--- Prompt ---
Repeat the data in full. Drop every picture.

--- Material provided ---
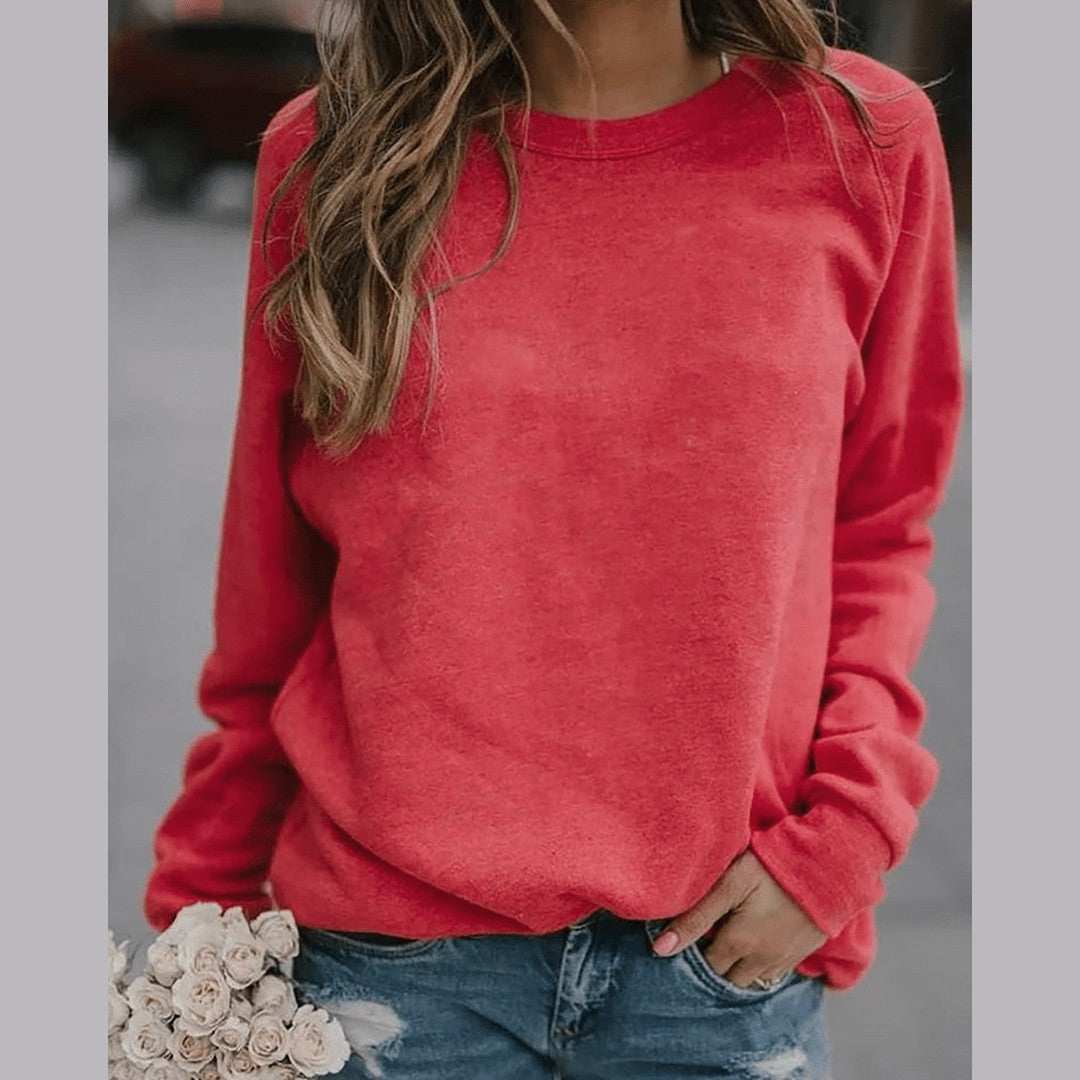 Woman wearing the Alba women's sweater, back view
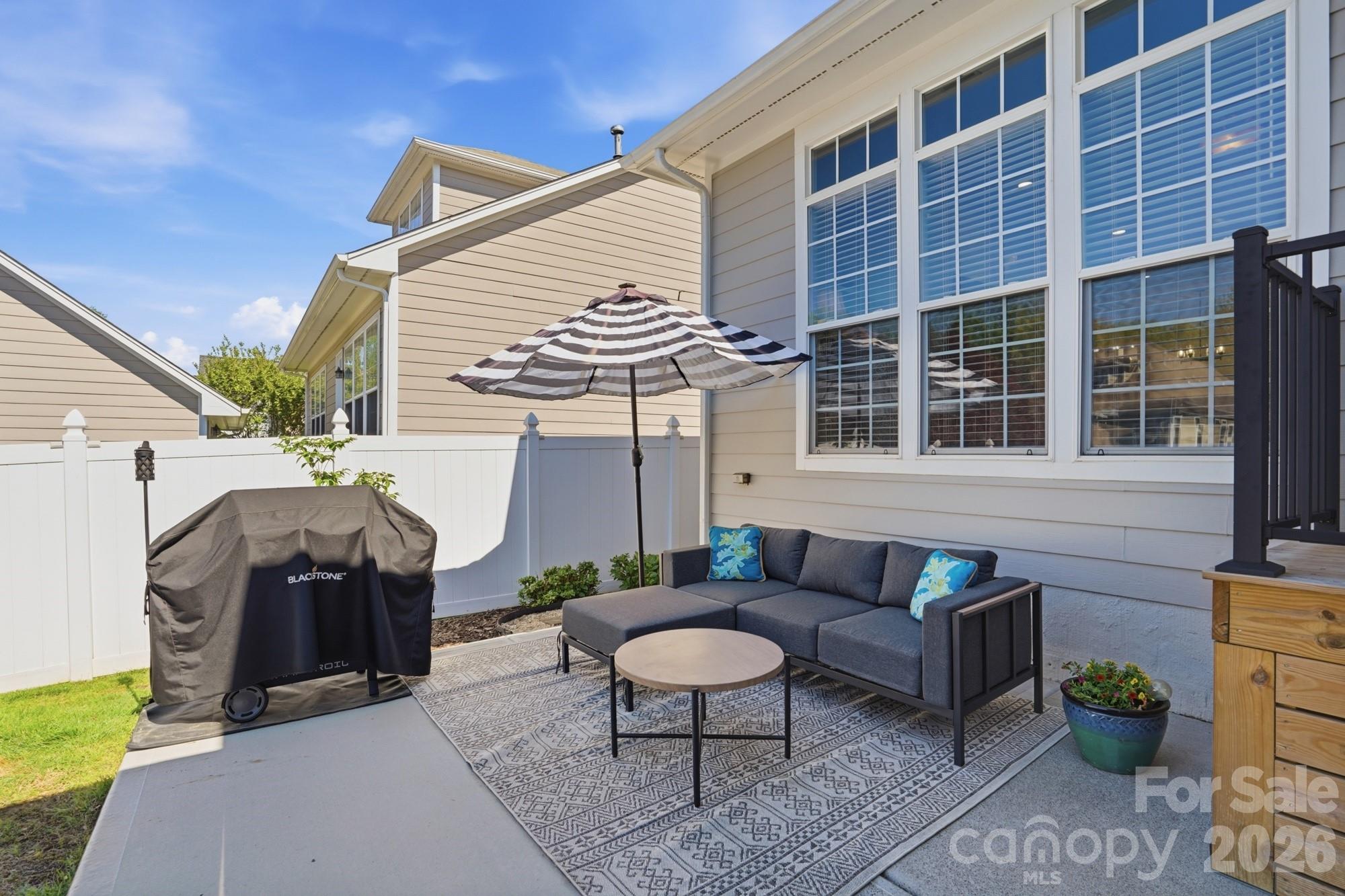 17029 Carlton Way Road Huntersville, NC 28078 - Photo 23 of 39 a view of a patio with a chairs and table in a patio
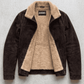Jackero dark chocolate brown suede jacket with premium white shearling lining displayed beautifully against a minimalist studio backdrop.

--- Answer section ---
 Woman wearing the Alba women's sweater, back view
 17029 Carlton Way Road Huntersville, NC 28078 - Photo 23 of 39 a view of a patio with a chairs and table in a patio
Jackero dark chocolate brown suede jacket with premium white shearling lining displayed beautifully against a minimalist studio backdrop.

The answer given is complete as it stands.